To Tate Modern for Cy Twombly: Cycles and Seasons. It’s difficult to be neutral about Cy Twombly, particularly given the extremes of praise and criticism he attracts. His most recent work doesn’t do much for me, but I’ve always liked Poems to the Sea (1959), one of the highlights (if memory serves) of the Serpentine Gallery’s Twombly show a few years ago. I see Tracey Emin is a fan of these too. Here is some commentary from reviewers of the Tate exhibition:  
Sue Hubbard: “In the spring of 1957, Twombly left America and set sail once again for Italy, leaving the citadel of modernist painting for a world steeped in ancient mythology and struggling with the aftermath of war. White and bleached, his paintings from this period are full of the effects of the harsh Mediterranean light. His Poems to the Sea series, executed in a single day in 1959, is crammed with classical and poetic references. "Whiteness," said Twombly of these spare, lyrical works that elide calligraphy, poetry and painting, "can be the classic state of the intellect, or a neo-Romantic area of remembrance." There is an austere purity to all this classical whiteness as his snaking pencil lines, erased by the smears of white paint, unravel into a syntax of approximate meaning.”

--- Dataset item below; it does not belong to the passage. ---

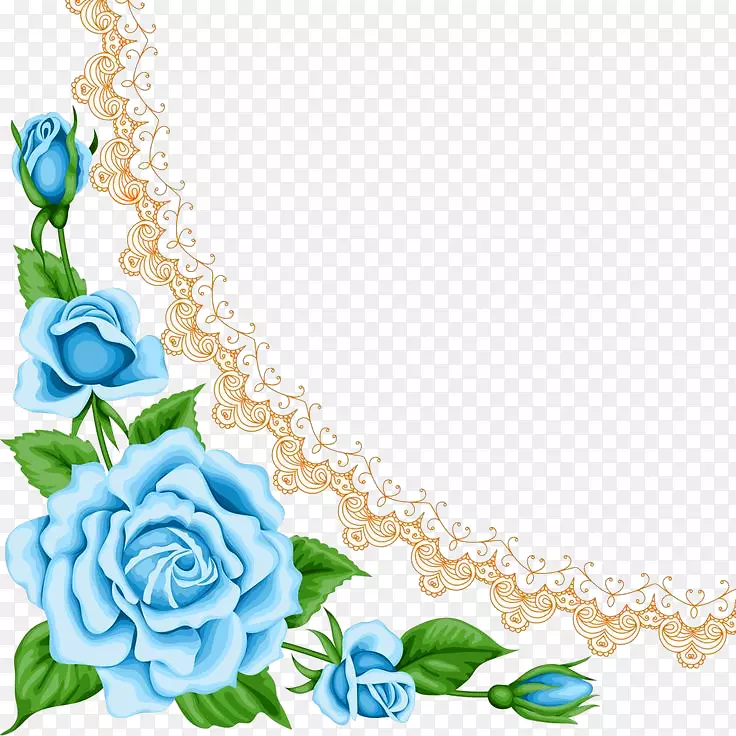 纸蓝玫瑰花夹艺术-蓝花装饰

Laura Cumming: “Writing, drawing - they are never completely decoupled. Numbers and letters are like pictograms; lines rippling across a page appear purely abstract, except they resemble waves, and what do waves resemble, Twombly delicately implies, but lines of writing? Poems to the Sea is the title of this series, and what are Twombly's paintings but hand-drawn poems?”
Gordon Burn: “Nowhere is his genius for evocation - for suggesting the mood or feeling of a place or a moment - more apparent than in the set of 24 drawings he made in 1959 called Poems to the Sea. "The sea is white three-quarters of the time, just white - early morning," Twombly told [David] Sylvester. "The Mediterranean at least . . . is always just white, white, white. And then, even when the sun comes up, it becomes a lighter white."

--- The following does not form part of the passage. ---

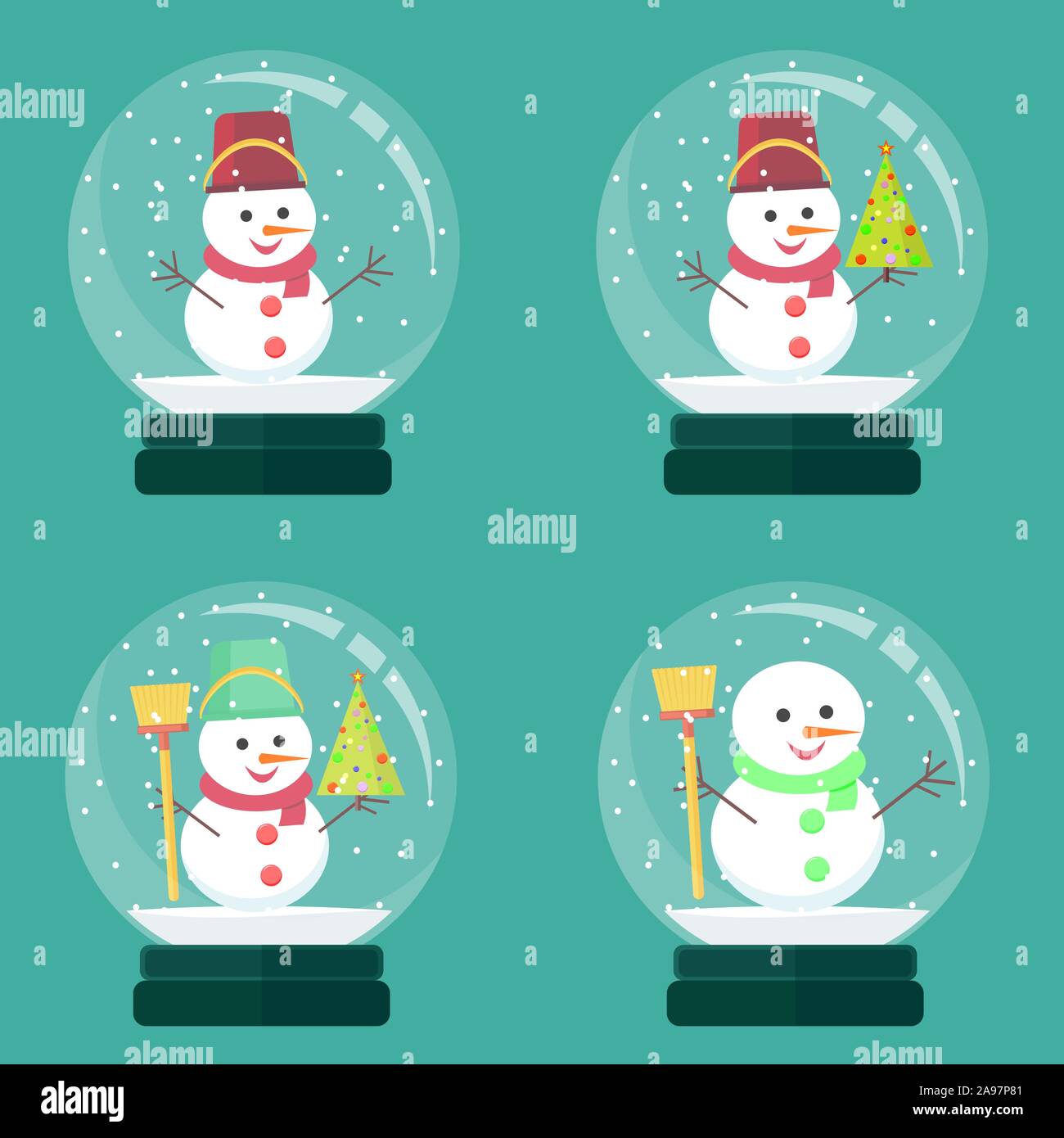 snowman inside Christmas decoration Stock Vector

Looking at Poems to the Sea again I found myself thinking about Twombly’s experience among artists in different media at Black Mountain College. They look as if Rauschenberg had partially erased and painted in white over some Cage-influenced Olson poems that had been applied to canvas by Motherwell... The Mediterranean sea in these poems has been written over repeatedly through the centuries (later Twombly paintings specifically reference sea legends like the story of Hero and Leander). In spite of their “whiteness”, Twombly’s Poems ot the Sea convey confusing traces of history and culture. In this they are very different to some of the other seas I’ve discussed here - Sugimoto’s empty vistas, say, or the powerful otherness of the waves in Guillevic’s poems.